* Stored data
══════════════════════════════

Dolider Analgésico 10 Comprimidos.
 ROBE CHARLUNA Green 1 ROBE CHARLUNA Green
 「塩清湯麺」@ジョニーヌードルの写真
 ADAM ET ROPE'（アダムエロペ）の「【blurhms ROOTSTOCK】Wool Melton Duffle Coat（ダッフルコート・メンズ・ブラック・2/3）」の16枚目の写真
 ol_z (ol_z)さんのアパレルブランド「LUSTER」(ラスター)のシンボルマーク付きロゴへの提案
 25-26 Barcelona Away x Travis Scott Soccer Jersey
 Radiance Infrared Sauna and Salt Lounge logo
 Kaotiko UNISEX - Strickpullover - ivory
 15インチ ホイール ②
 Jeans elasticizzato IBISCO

══════════════════════════════

* Required work
All of the records above should be copied exactly.

* Solved problem
Dolider Analgésico 10 Comprimidos.
 ROBE CHARLUNA Green 1 ROBE CHARLUNA Green
 「塩清湯麺」@ジョニーヌードルの写真
 ADAM ET ROPE'（アダムエロペ）の「【blurhms ROOTSTOCK】Wool Melton Duffle Coat（ダッフルコート・メンズ・ブラック・2/3）」の16枚目の写真
 ol_z (ol_z)さんのアパレルブランド「LUSTER」(ラスター)のシンボルマーク付きロゴへの提案
 25-26 Barcelona Away x Travis Scott Soccer Jersey
 Radiance Infrared Sauna and Salt Lounge logo
 Kaotiko UNISEX - Strickpullover - ivory
 15インチ ホイール ②
 Jeans elasticizzato IBISCO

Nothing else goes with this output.